Little, Philip ; Coffee, David ; Lirely, Roger 等
ABSTRACT
This study examines the impact of brand value on the
representational faithfulness of balance sheets. The results of this
research reveal that brand value is significant in explaining variations
in the price to book value ratios over and above the explanatory power
of variables that are typically thought to be related to price to book
value differentials. These results suggest that assets of firms with
significant brand value may be underreported on the firms' balance
sheets. Accordingly, if the representational faithfulness of balance
sheets is to be enhanced, accounting standards should consider including
reliable measures of intangible assets (especially for high brand value
firms) in balance sheets.
BACKGROUND
Little and Coffee (2000) found that the balance sheets of knowledge
and service based companies are less representationally faithful than
the balance sheets of more traditional firms because they systematically
under-report assets. They suggest that one reason for this may be that
the assets of knowledge and service based companies include more soft,
intangible assets as opposed to the comparatively hard, tangible assets
of more traditional business enterprises like heavy manufacturing and
traditional wholesaling/retailing.
Knowledge and service based companies are not, however, the only
kinds of companies that may have significant intangible assets. It is
well established that brands like Nike, Coca-Cola, Disney and
McDonald's are assets that have a separately identifiable economic
value (Kallapur and Kwan, 2004; Kerin and Sethuraman, 1998). Fernandez
(2002) reports the Marketing Science Institute definition of brand value
as the "strong, sustainable, and differentiated advantage with
respect to competitors that leads to a higher volume or a higher margin
for the company compared with the situation it would have without the
brand." Interbrand (2001) estimates that brand value accounts for a
significant percentage of the market value of the top 100 global brand
companies.
The Financial Accounting Standards Board recognizes the potential
economic value of brands with respect to intangibles acquired as part of
a business combination. FASB Statement No. 141: Business Combinations
(FAS 141), requires the use of the purchase method of accounting for
business combinations. Under this method, the acquiring company will be
treated as though it purchased the target company's net assets at
their fair market value on the date of acquisition. Net present value is
deemed to be the best method for determining fair market value. The use
of the purchase method requires that goodwill be recognized as an asset.
Furthermore, other intangibles should be recognized as assets separate
and apart from goodwill if these other intangibles either arise from
contractual or legal rights or are capable of being transferred from the
acquired entity. FAS 141 in paragraph 16A identifies brand as a general
marketing term typically used to refer to a group of complementary
assets such as the trademarks or service marks and their related trade
names, formulas, recipes, and technological expertise which may or may
not be patented. The statement does not preclude an entity from
recognizing, as a single asset apart from goodwill, a group of
complementary intangible assets commonly referred to as a brand if the
assets that make up that group have similar useful lives.
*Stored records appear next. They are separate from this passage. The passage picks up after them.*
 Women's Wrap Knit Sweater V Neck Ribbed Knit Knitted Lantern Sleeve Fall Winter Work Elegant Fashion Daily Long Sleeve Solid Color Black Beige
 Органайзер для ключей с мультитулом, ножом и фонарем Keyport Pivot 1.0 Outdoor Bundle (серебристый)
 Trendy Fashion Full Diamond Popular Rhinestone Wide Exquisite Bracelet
Accordingly, brand value is not exclusive to knowledge and service
based companies. For the last several years, Interbrand Corporation has
estimated the value of the 100 top global brands and published the
results in Business Week. The 2002 list includes knowledge based
companies like Microsoft, IBM and Intel, as well as more traditional
retail companies like Coca-Cola, Nike, and Gap and manufacturing
companies like Ford, Honda, Toyota and GE. Interbrand estimates that
each of the top 100 brands has a value in excess of $1 billion. The
brand with the highest value in 2002, Coca-Cola, had an estimated value
of nearly $70 billion. The representational faithfulness problem linked
to knowledge and service based companies may extend to more traditional
companies if brand value comprises a significant unrecorded asset.
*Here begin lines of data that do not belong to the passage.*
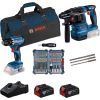 Bosch Powertools 18V professional set hammer drill GBH 18V-22 + drill driver GSR 18V-45 (blue/black, 2x Li-ion battery 4.0Ah, hammer drill and bit set, tool bag) Jaunumi -Dārzam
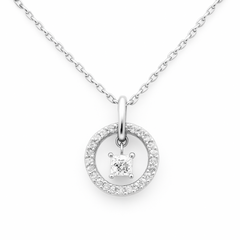 SPECIAL! .23ct G SI 14K White Gold Diamond Solitare Pendant 18" Long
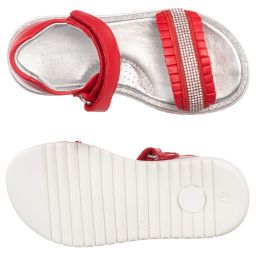 موناليزا-صندل جلد لون أحمر وفضّي للبنات | Childrensalon Outlet
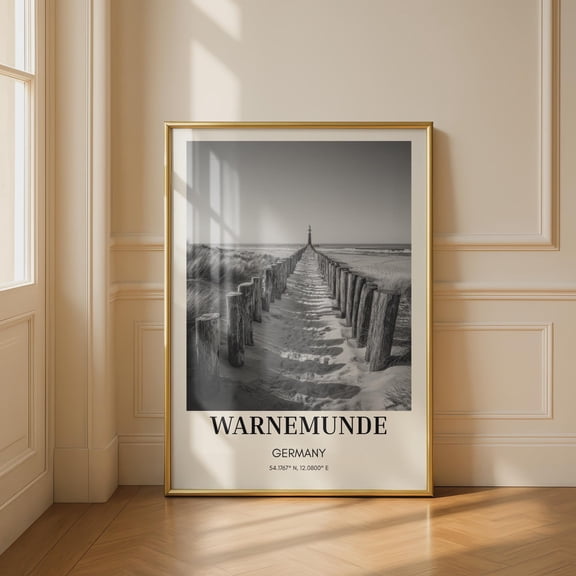 Warnemunde Black And White Lighthouse Coastal Wall Art Print Home Decor Office Wall Art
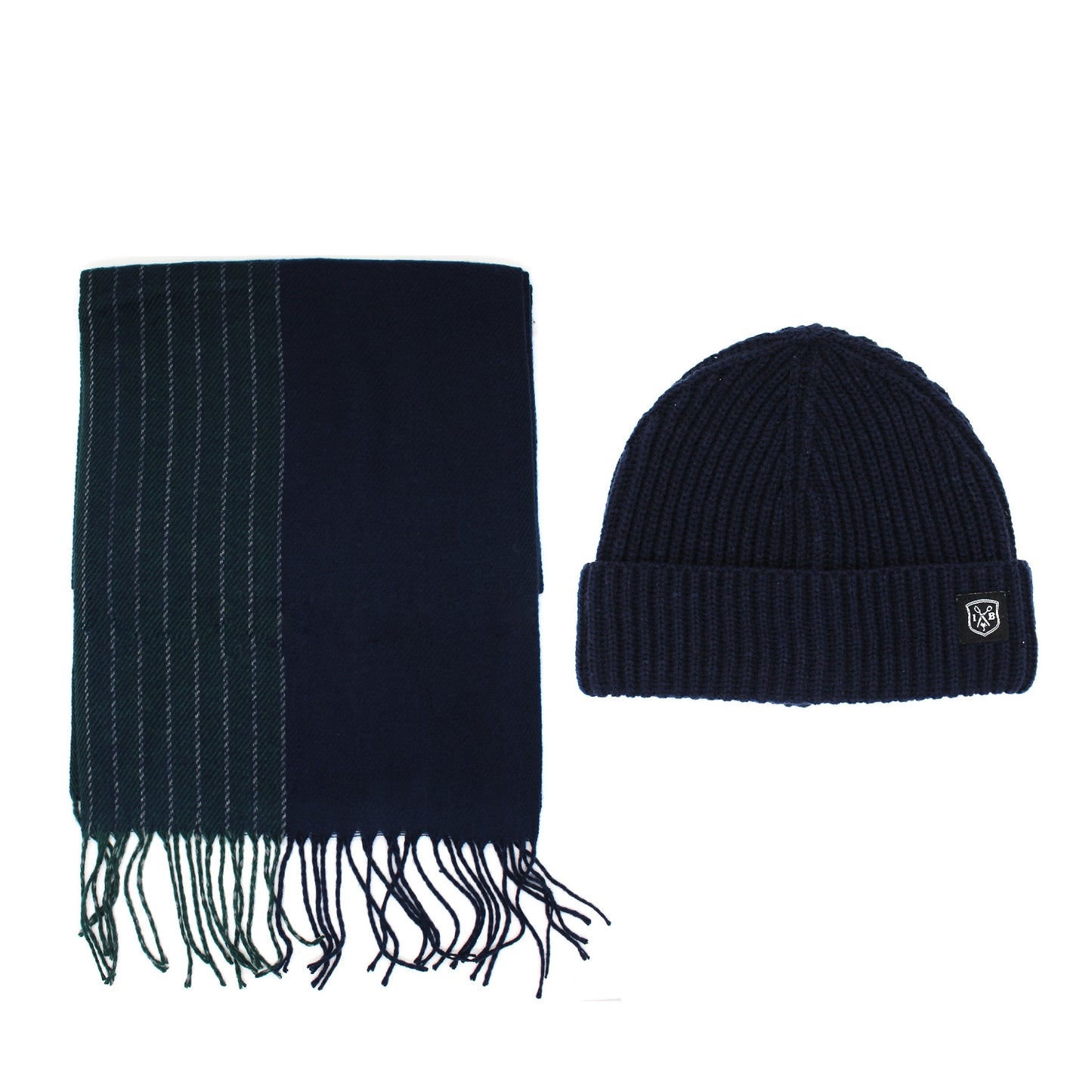 Navy & Pine Knit Hat/Scarf Set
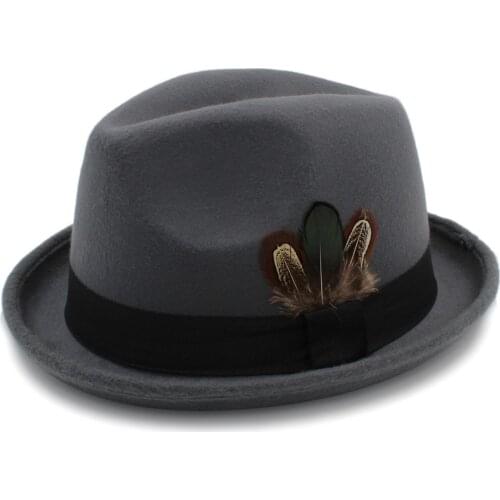 Men Wool Fedora Hats for Dad Dad Roll Up Brim Feather Decorative Church Hat Male Jazz Cap Panama Hat
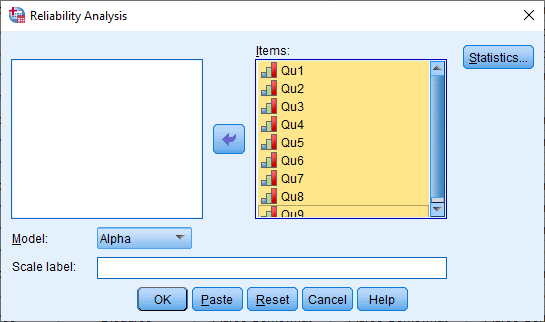 'Reliability Analysis' dialogue box for Cronbach's alpha in SPSS Statistics with variables transferred into the 'Items' box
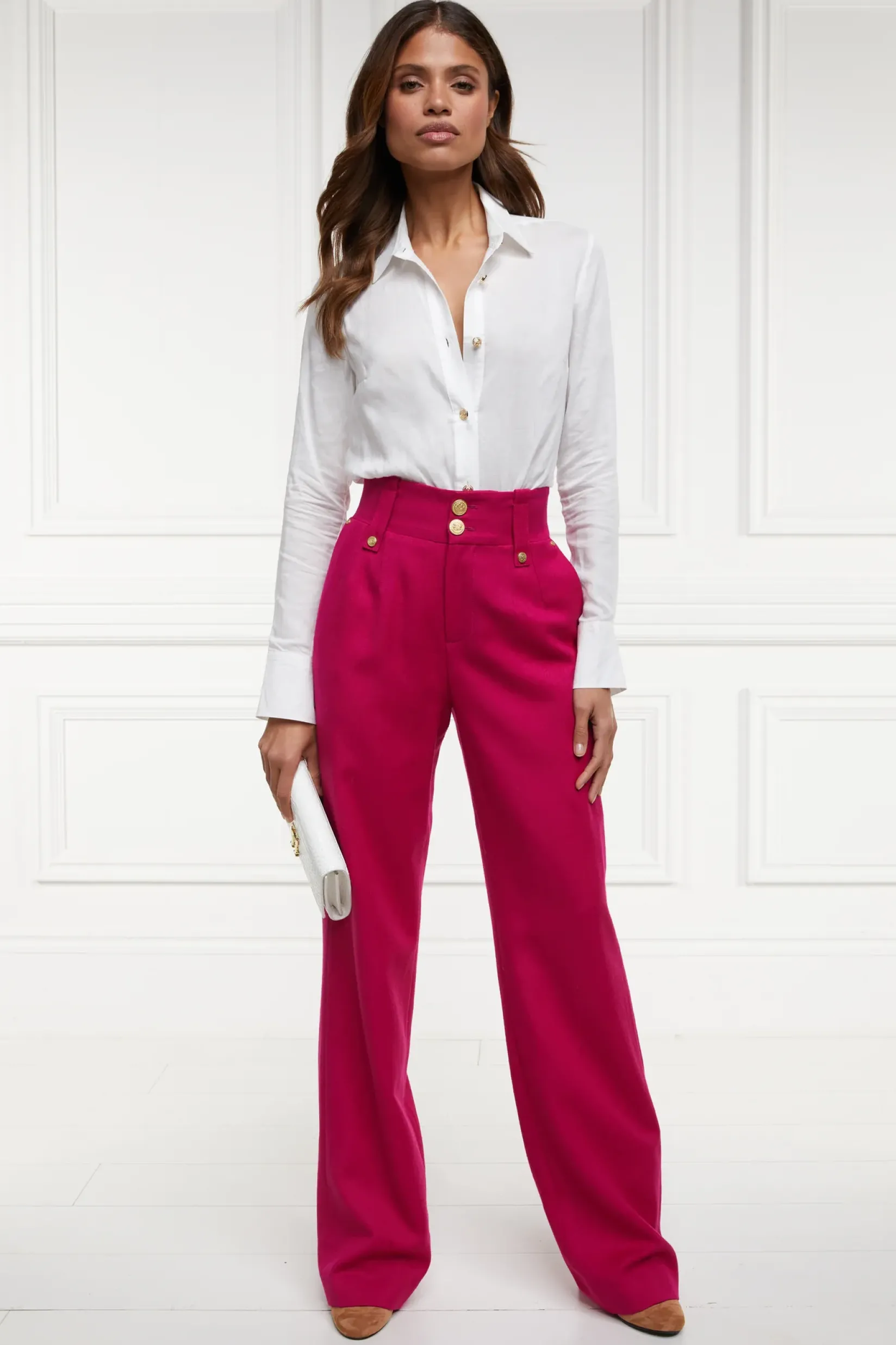 Holland Cooper Gifts For Her|Trousers-High Waisted Straight Trouser Hot Pink Barathea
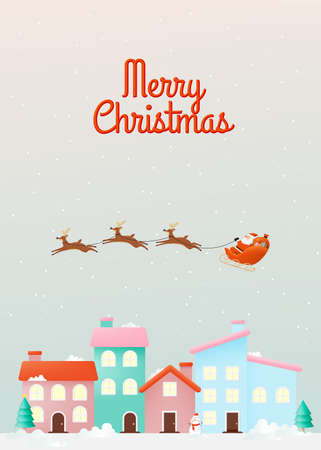 Santa claus on the sleigh with beautiful sky in paper art and pastel schenmeのイラスト素材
BOOK VALUE VERSUS MARKET VALUE
Little and Coffee (2000) used the ratio of book value to market
value per share of common stock as a measure of the representational
faithfulness of the balance sheet. Book value per share of common stock
measures the amount each share of common stock would receive if all
assets on the balance sheet were sold at an amount equal to the balance
sheet carrying (book) value, all liabilities were retired at their
carrying (book) value, preferred stockholders were paid according to the
liquidation provisions of the preferred stock (usually call value), and
the common shareholders received the remaining cash in a pro-rata
distribution. The book value per share of common stock can therefore be
viewed as a measure of the net assets attributable to each share of
common stock, as these net assets are recognized and measured in
accordance with generally accepted accounting principles.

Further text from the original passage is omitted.